## [ACTIVITY]
Give back exactly the lines from the one that holds "Váy ngắn cải" through the final line of the data; omit the pictures and add nothing.

## [DATA SECTION]

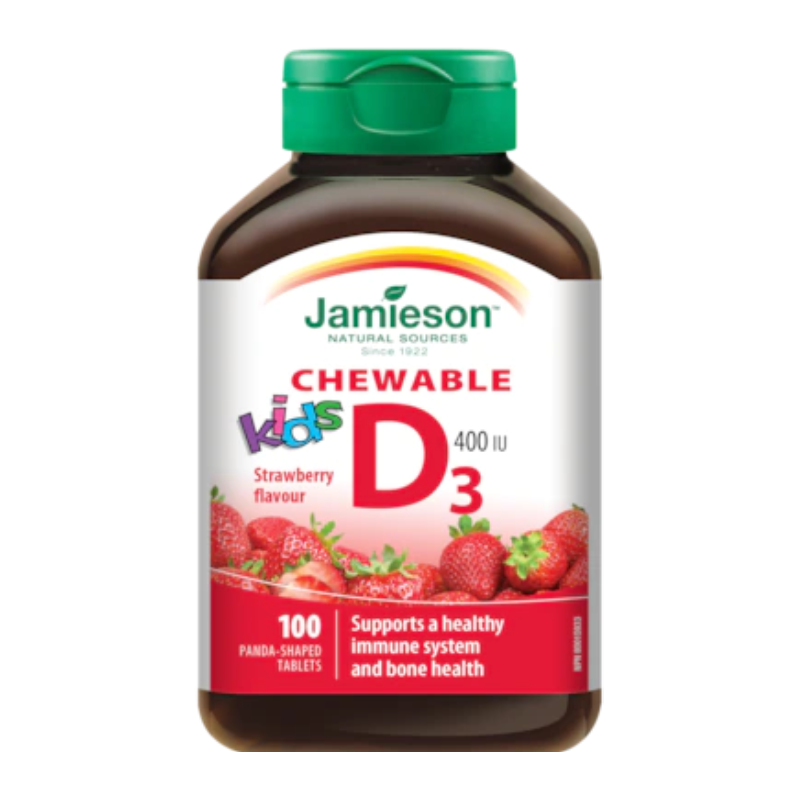 Vitamina D3 400UI kids cu aroma de capsuni, 100 tablete masticabile,…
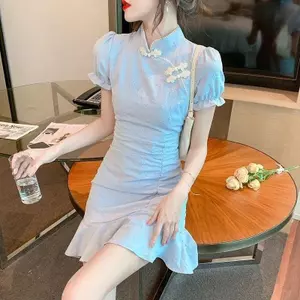 Váy ngắn cải tiến Sườn xám mỏng vừa vặn hơn Váy đuôi cá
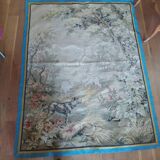 old braided wall tapestry the wolf and the lamb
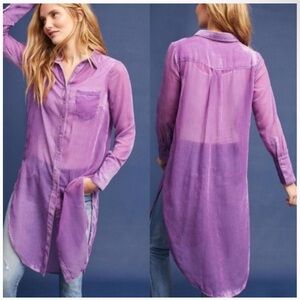 Anthropologie Akemi Kin Purple Velvet Sheer Longline Button Front Top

## [RESULT OF THE TASK]
 Váy ngắn cải tiến Sườn xám mỏng vừa vặn hơn Váy đuôi cá
 old braided wall tapestry the wolf and the lamb
 Anthropologie Akemi Kin Purple Velvet Sheer Longline Button Front Top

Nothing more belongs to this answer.